O restante do elenco é igualmente raso, com vilões de desenho animado — o executivo Eli (Rafe Spall) e o mercenário Wheatley (Ted Levine) — e alívios cômicos desprovidos de graça — a paleo-veterinária Zia (Daniella Pineda) e o analista de sistemas Franklin (Justice Smith). O filme ainda desperdiça talentos como Jeff Goldblum, Toby Jones, James Cromwell e Geraldine Chaplin, em participações breves e pouco relevantes, bem como a atriz mirim Isabella Sermon, mal utilizada em uma subtrama com um plot twist supostamente chocante, porém apenas risível.

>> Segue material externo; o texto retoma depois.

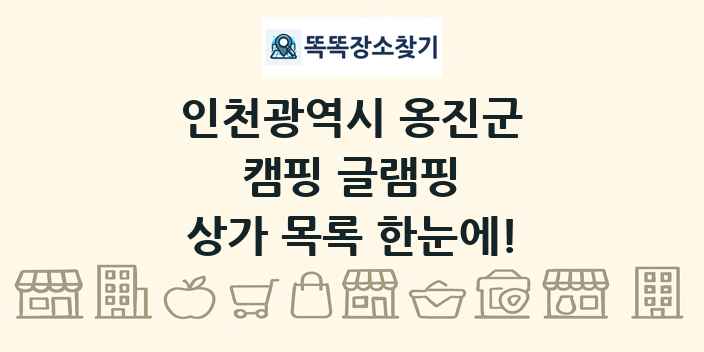인천광역시 옹진군 캠핑 글램핑 상가 목록 및 정보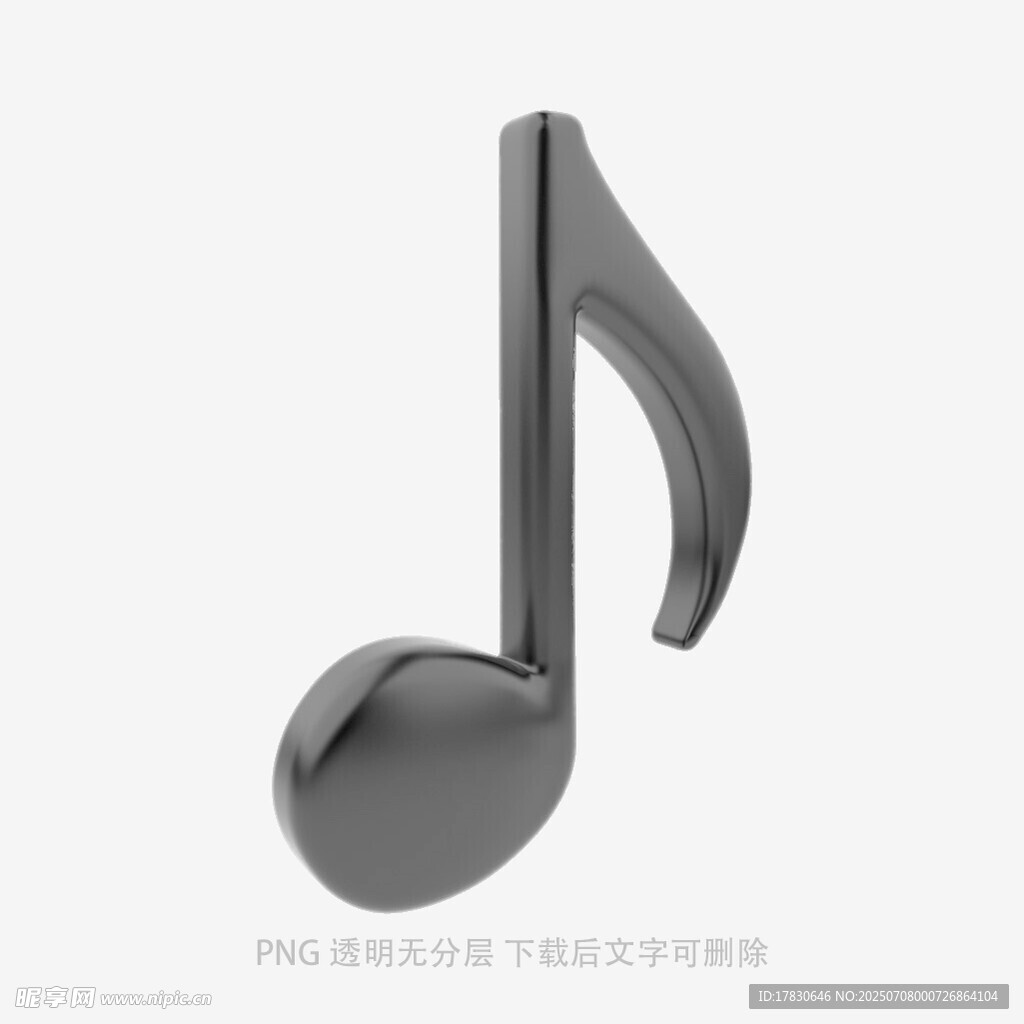 黑色音乐音符3D模型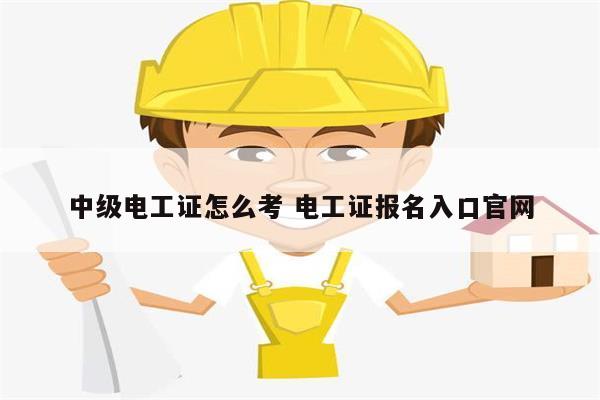 中级电工证怎么考 电工证报名入口k8凯发国际登录官网-图1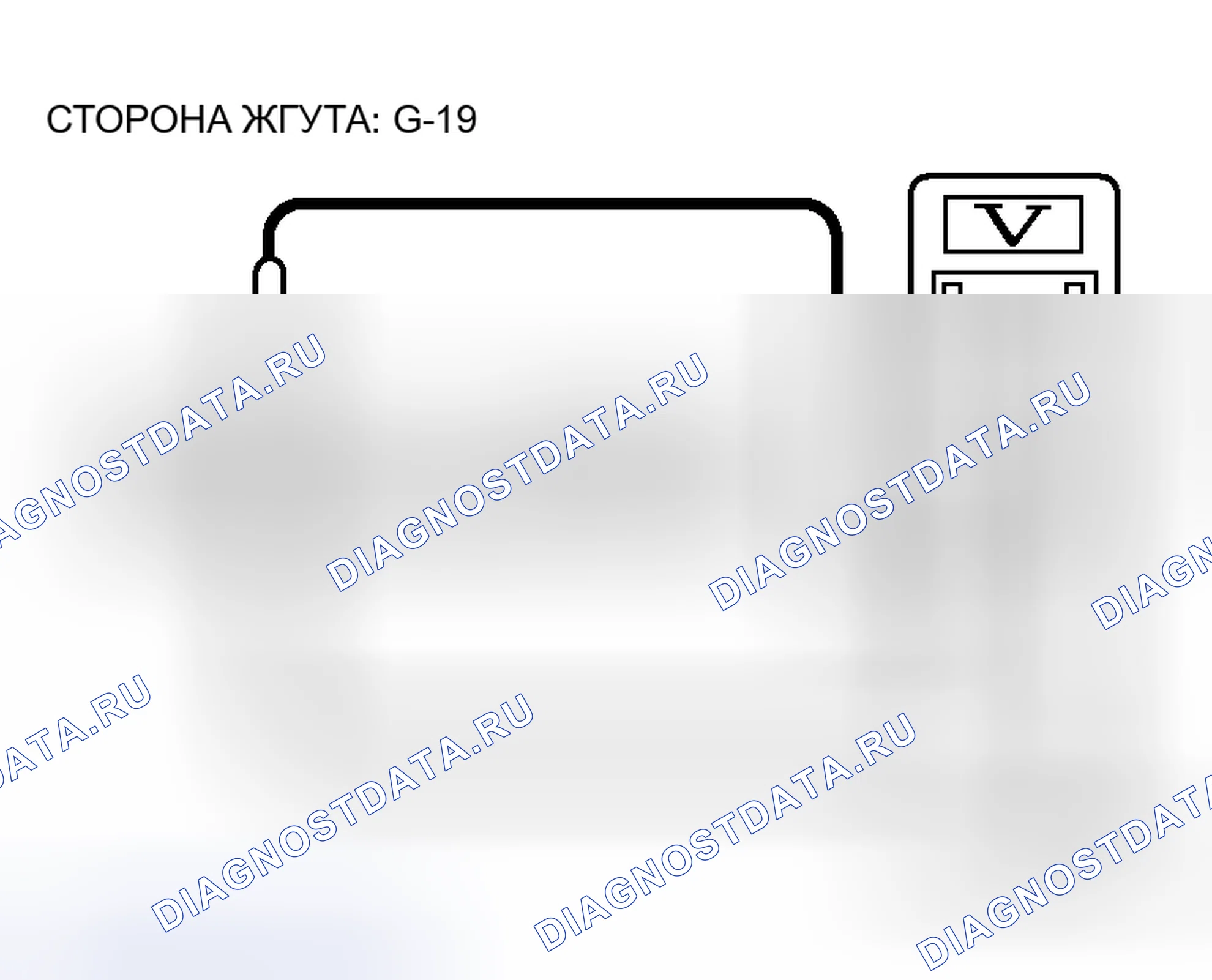 Рис. 149. Honda Grace I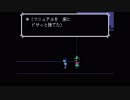 【DELTARUNE】ハグ魔→マニュアル投げ捨て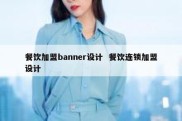餐饮加盟banner设计  餐饮连锁加盟设计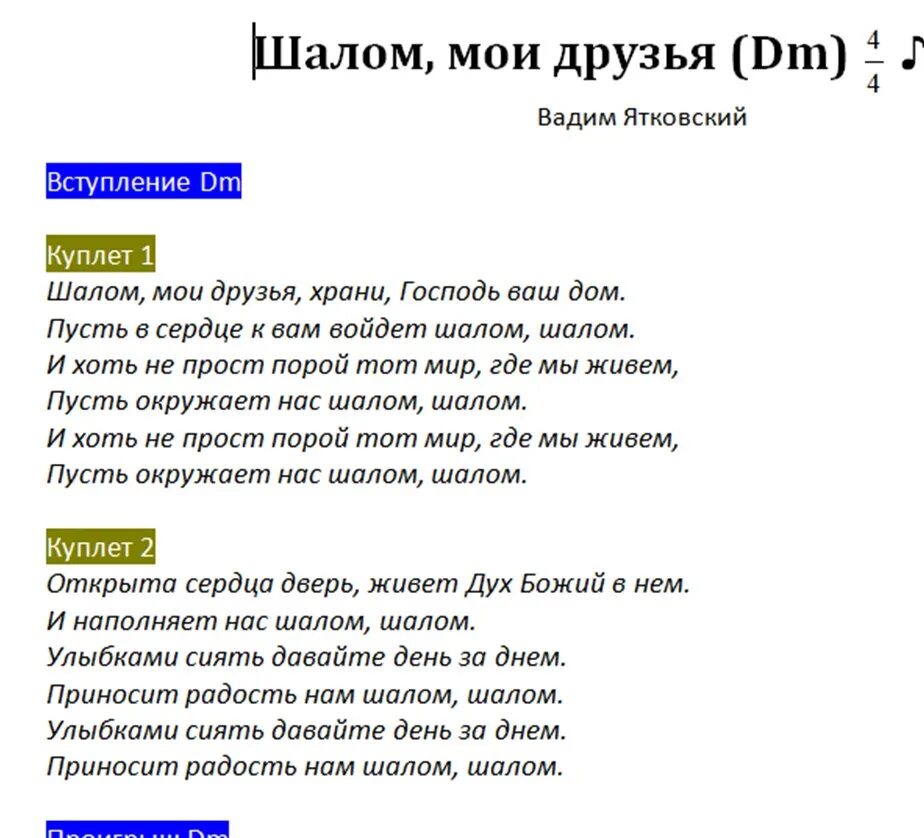 Шалом мой друг. Шалом Мои друзья Ноты. Шалом Мои друзья храни Господь ваш дом. Шалом Мои друзья храни текст. Песня шалом перевод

O roteiro tem um ou outro achado. A destruição da ilha Nublar é significativa (e a escolha da espécie do último dinossauro avistado lá certamente não foi à toa), enquanto as últimas cenas apontam para caminhos promissores. Mas é pouco para uma franquia desse porte. No final, o que fica na cabeça é uma fala de Claire, que a certa altura pergunta: “Lembra a primeira vez que você viu um dinossauro?”. Sim, eu me lembro. E sinto falta daquele encanto.